On the contrary, the Jewish connection to Eretz Yisrael is deeply rooted and underscored by empirical, incontrovertible evidence: the kind of evidence that has stiffened and continues to stiffen Jewish resolve never to be caught back-footed ever again by enemies, whether they are from beyond or within.

The U.N. vote of 1947 confirmed a truth that is far more potent than any counter-narrative that has ever been proposed – Israel belongs to the Jews, and, after a 2,000-year absence, the Jews are there to stay.

We have just started to read the Book of Genesis as we begin a new annual cycle of weekly Torah portions. The very first commentary by the medieval bible commentator Rashi on the Book of Genesis addresses an important question: why does the Torah begin with an account of creation? Why not start with the more appropriate nation forming story of the Exodus from Egypt? 
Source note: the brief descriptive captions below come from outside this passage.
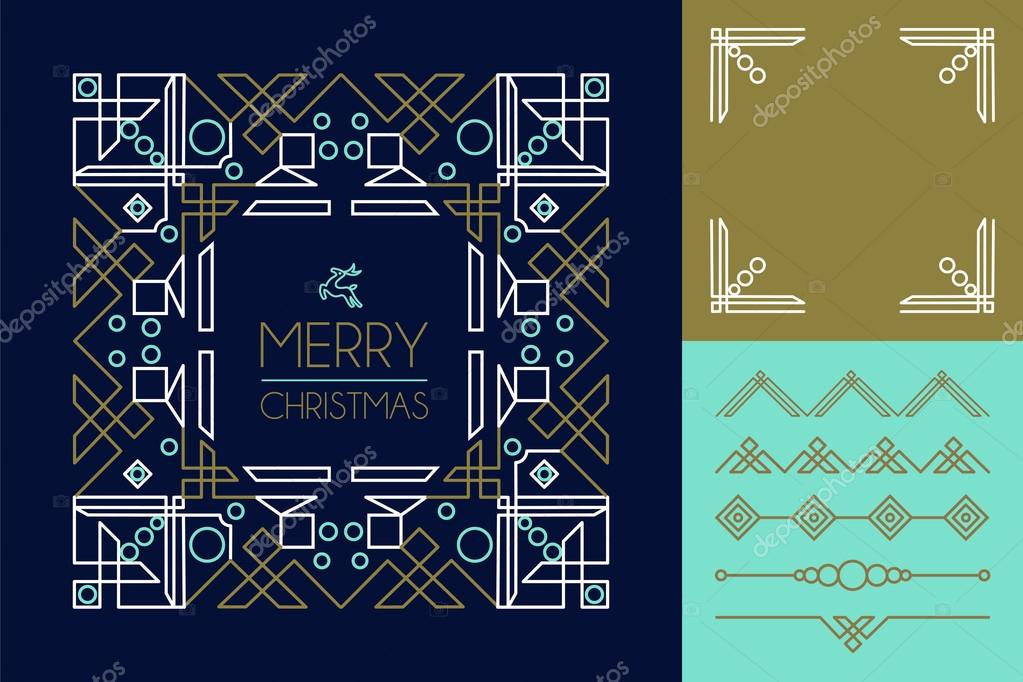Merry Mono Line Set Ornament Frame Deco Stock Vector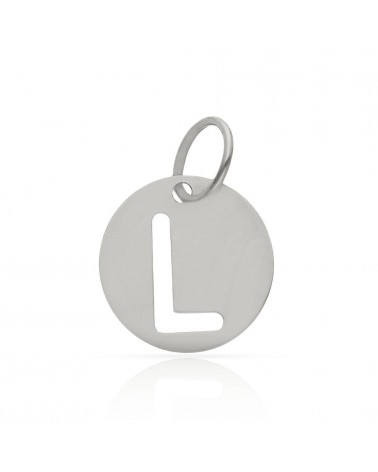 Colgante oro blanco 18k letra L calada círculo 10mm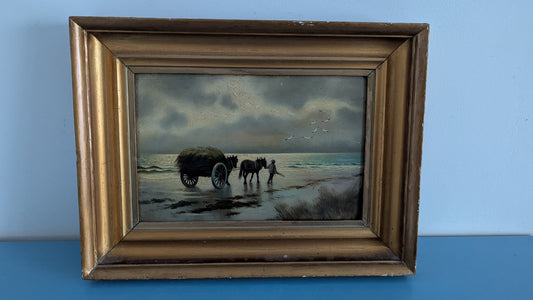 Alfred Edward Borthwick - Catching Seaweed (Signeerattu Öljyvärimaalaus)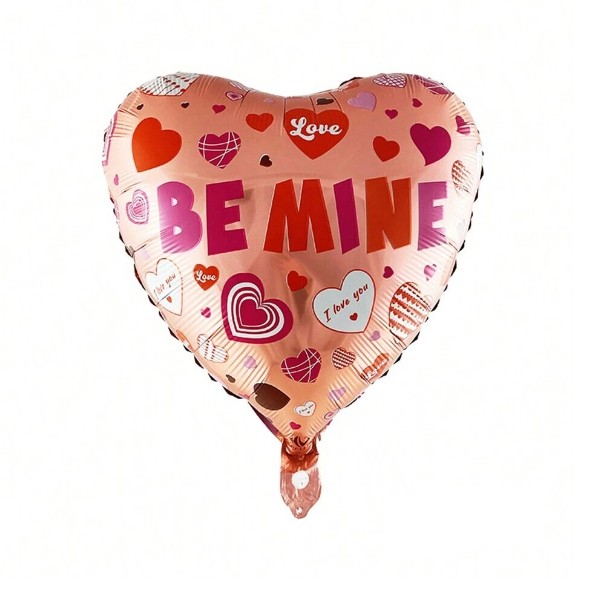 Balon din Folie Metalizata, , Figurina Inimioara, Model BE MINE, Tematica Iubire, 45 cm, Ambalaj Individual, Pai Inclus, Umflare cu Aer sau Heliu, Rosu - imagine 3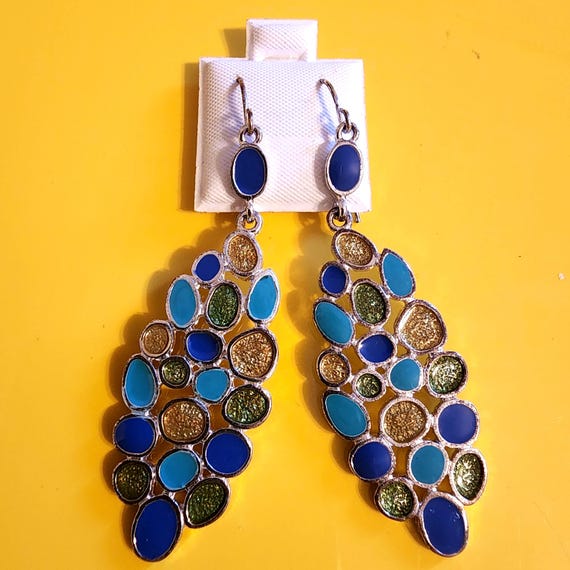 Vintage Y2K Colorful Dangles, Millennial Glamour Jewelry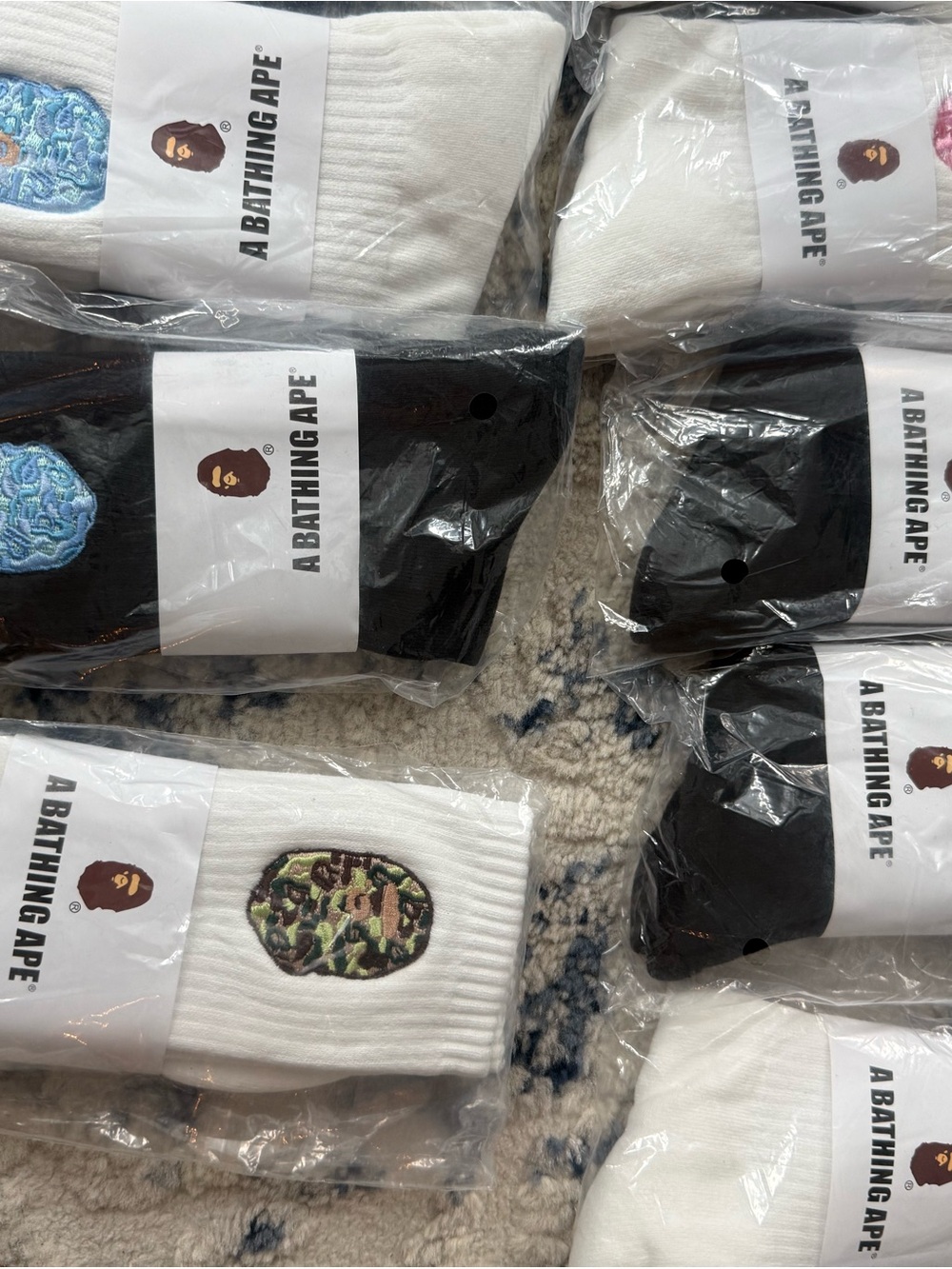 A Bathing Ape Men's Crew Socks — White & Black Logo Pack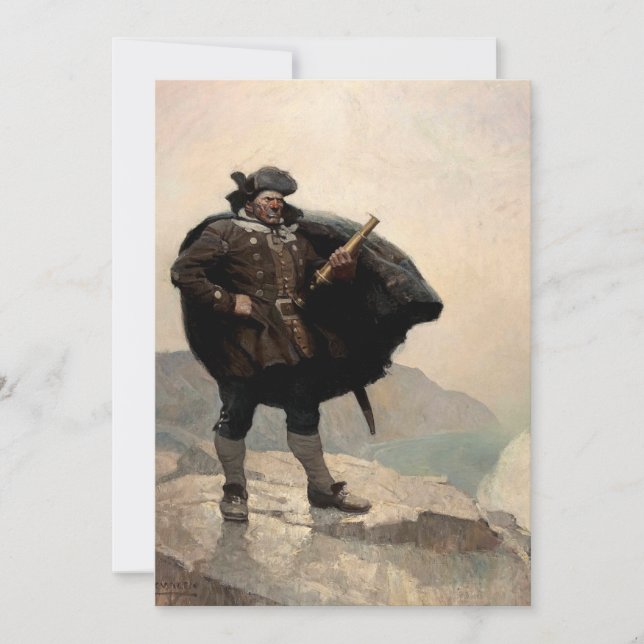 Convite Billy Bones, ilha do tesouro por N. C. Wyeth (Frente)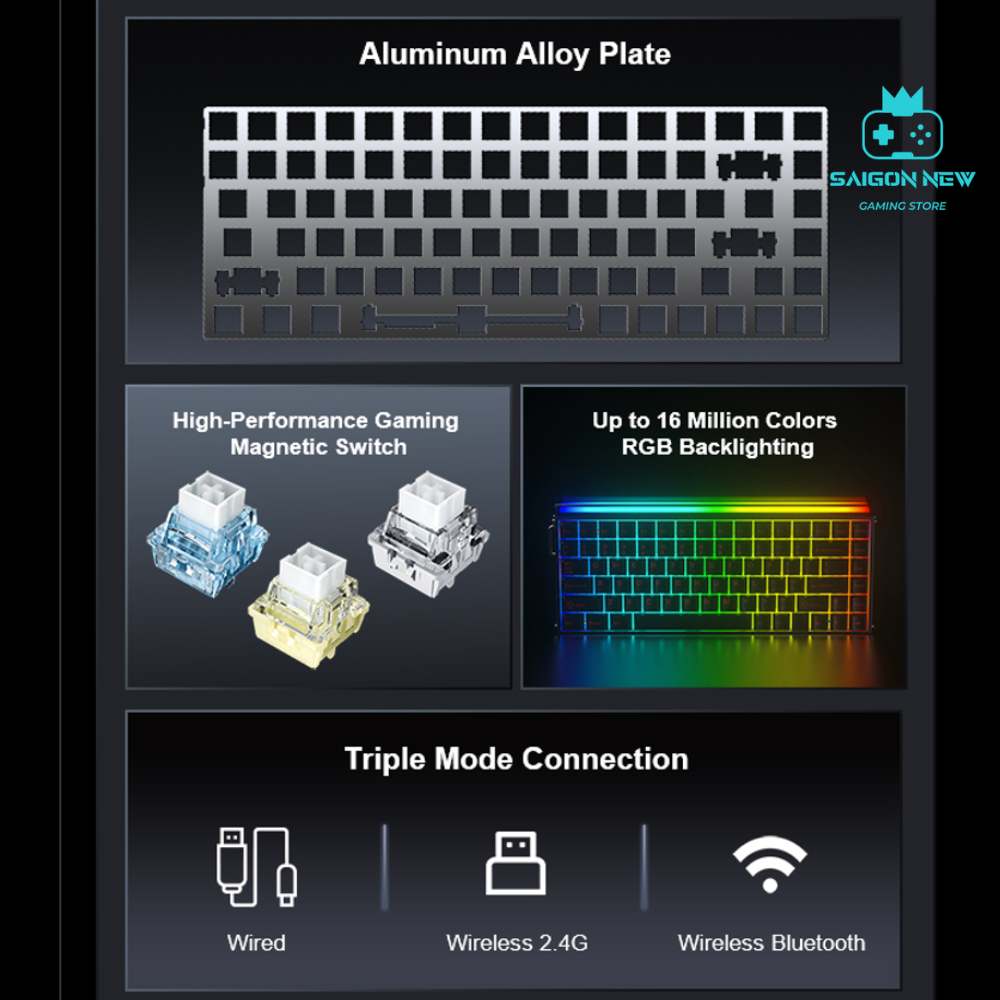 Bàn phím cơ Aula Hero75 HE bàn phím chơi game laptop,pc - Rapid Trigger, RT 0.01mm - Hỗ trợ 8k - Có Hotswap - LED RGB | BigBuy360 - bigbuy360.vn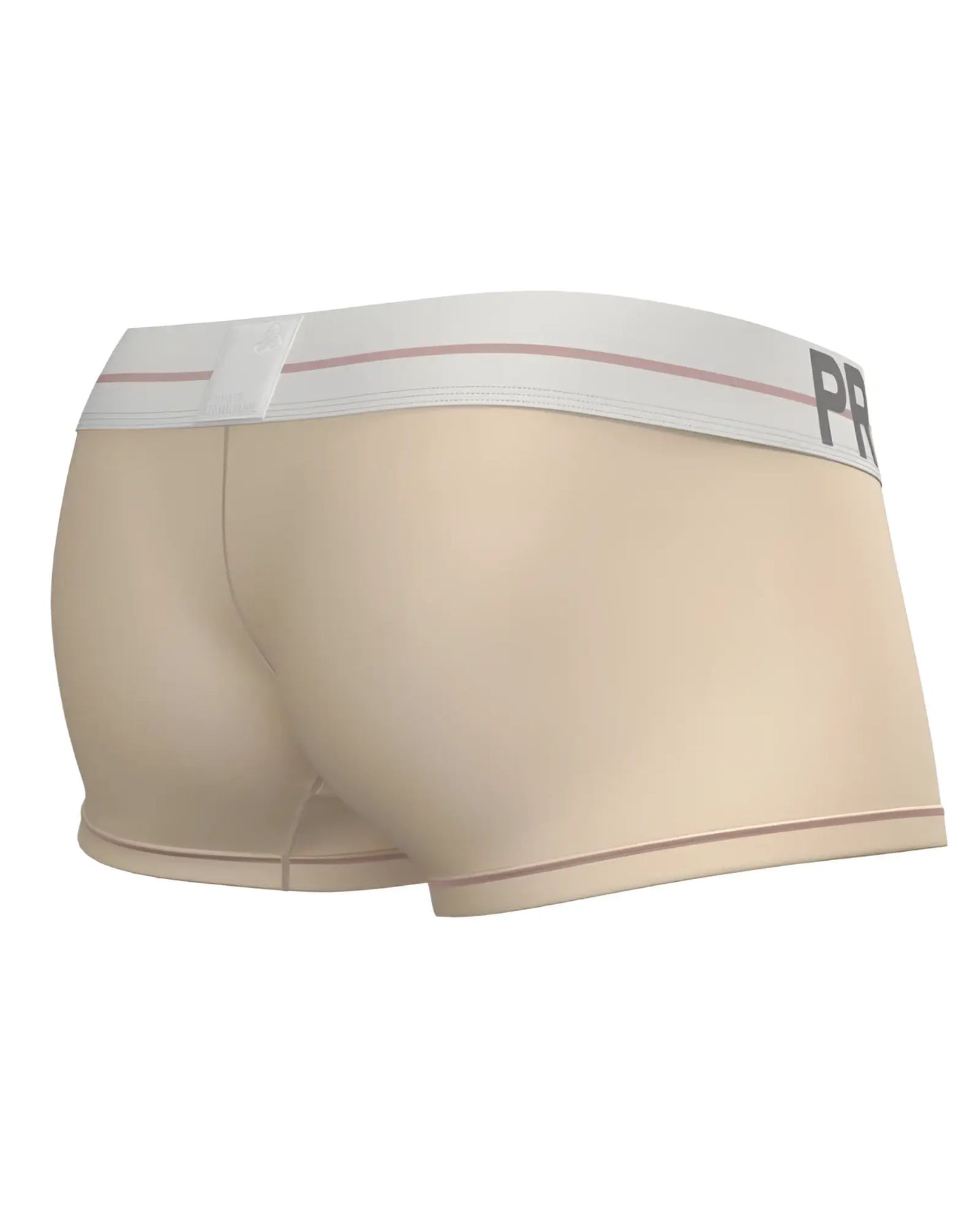 Beige private structure mo lite mid waist trunk briefs with white elastic waistband pink stripes and gray pr logo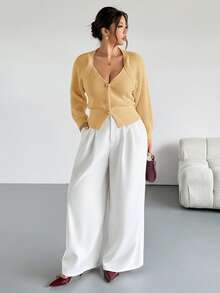 Firerie Plus Size Solid Color Front Button Long Sleeve Casual Knit Cardigan In Fall/Winter - Yellow - View 5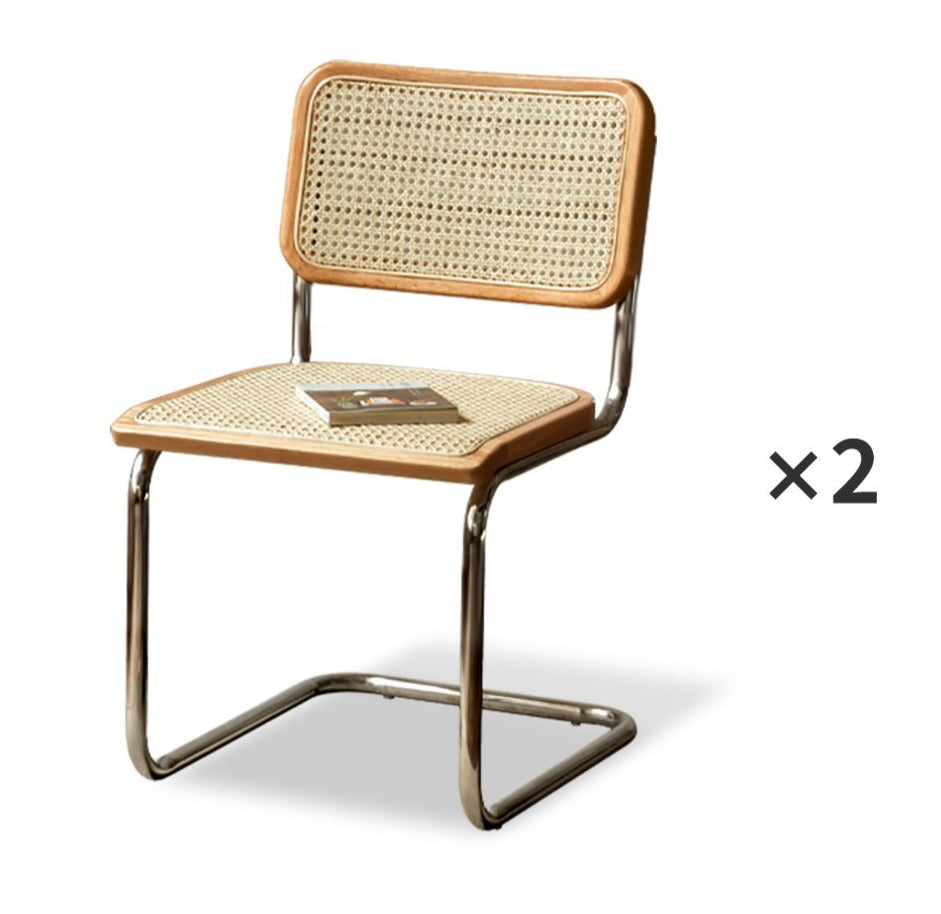 2 pcs set- Rattan Oak solid wood suspended chair-
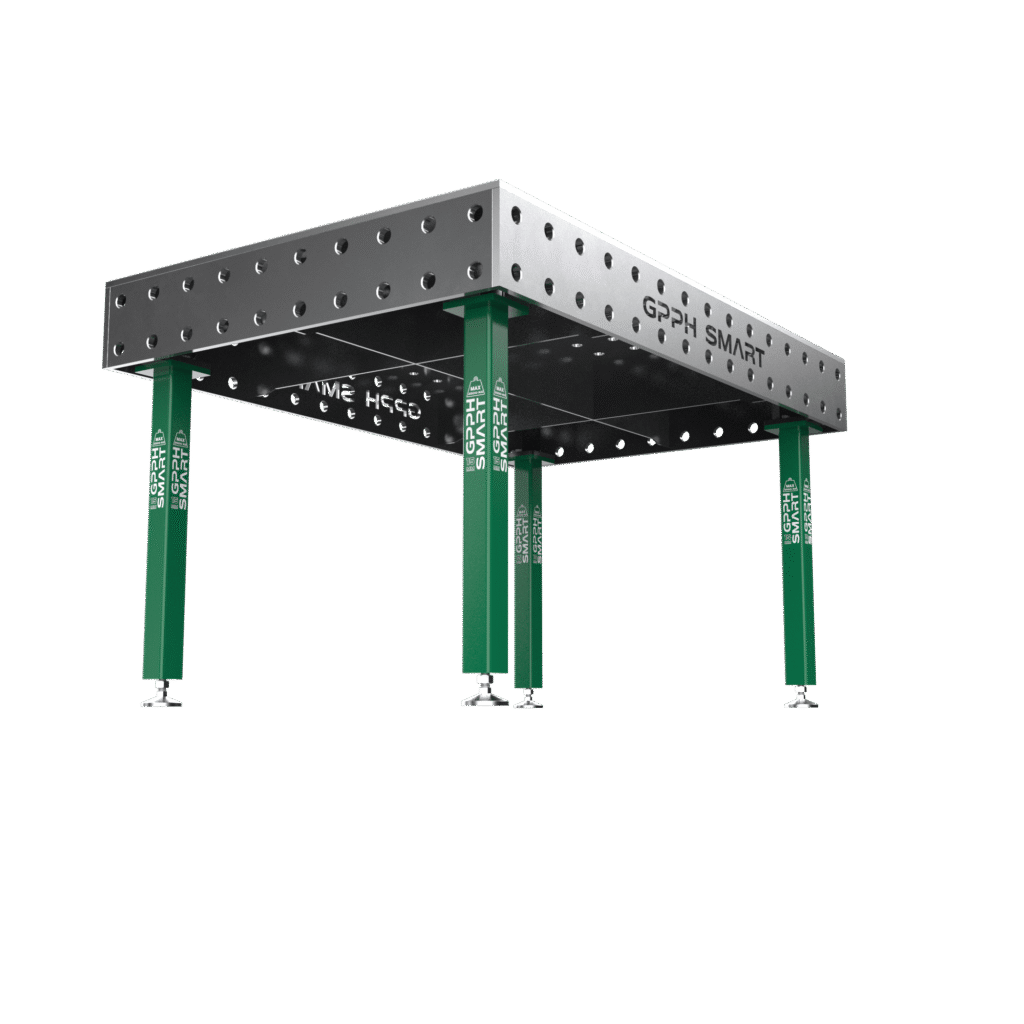 Table de soudage SMART Grille - 100x100mm, Système - Φ28, Dimensions - 1500x1000mm, Pieds - Sur patins, Plateau - 15mm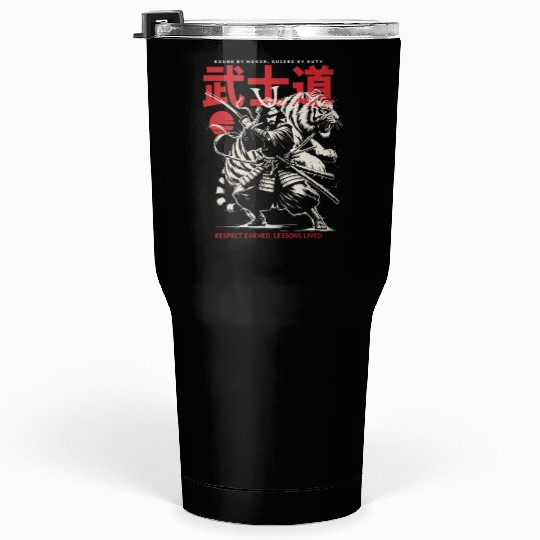 Japanese Samurai with Katana, Kanji Typography Tumblers 30 Oz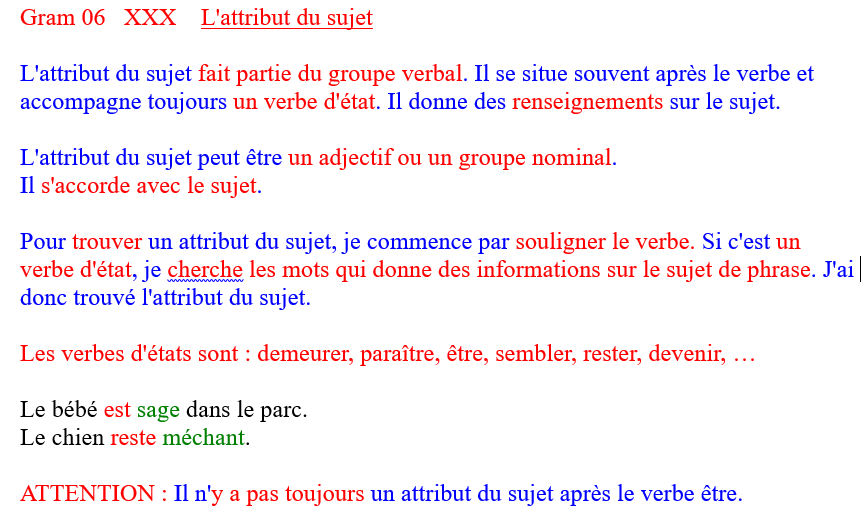 Comment Reconnaître Un Attribut Du Sujet Dans Une Phrase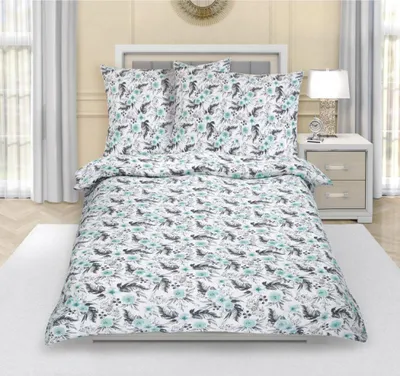 Zdjęcie produktu dla Pościel flanelowa – miętowa – 140x200, 70x90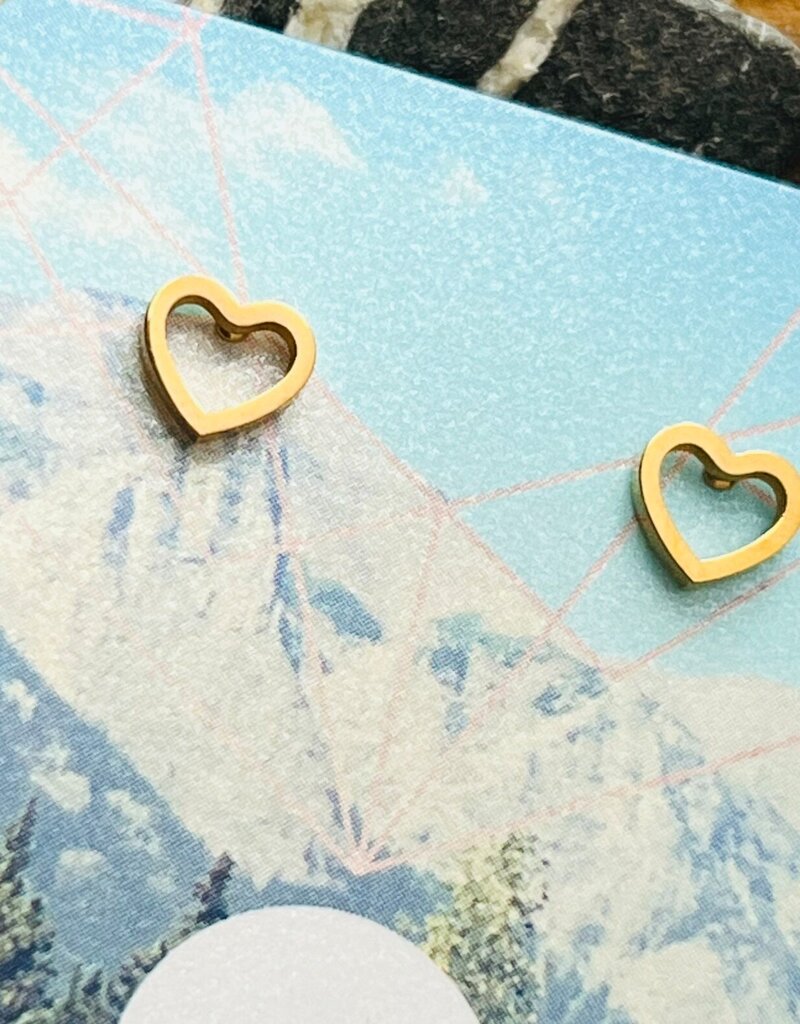 'Love' Stainless Steel Stud Earrings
Rashi answers by quoting a Midrash in Yalkut Shimoni: “Because perhaps the nations of the world would then say to Israel: ‘You are robbers, because you took by force the lands of the seven nations of Canaan!” But Israel can reply, ‘All the earth belongs to God; He created it and gave it to whom He pleased. When He willed it, He gave it to them – and when He willed it, He took it away from them and gave it to us.’”

This lesson of Jewish rights in Eretz Yisrael is embedded and enshrined at the very beginning of the bible, and it is a lesson that continues to stand the test of time.

Yes, Israel belongs to the Jews, and, after a 2,000-year absence, the Jews are there to stay.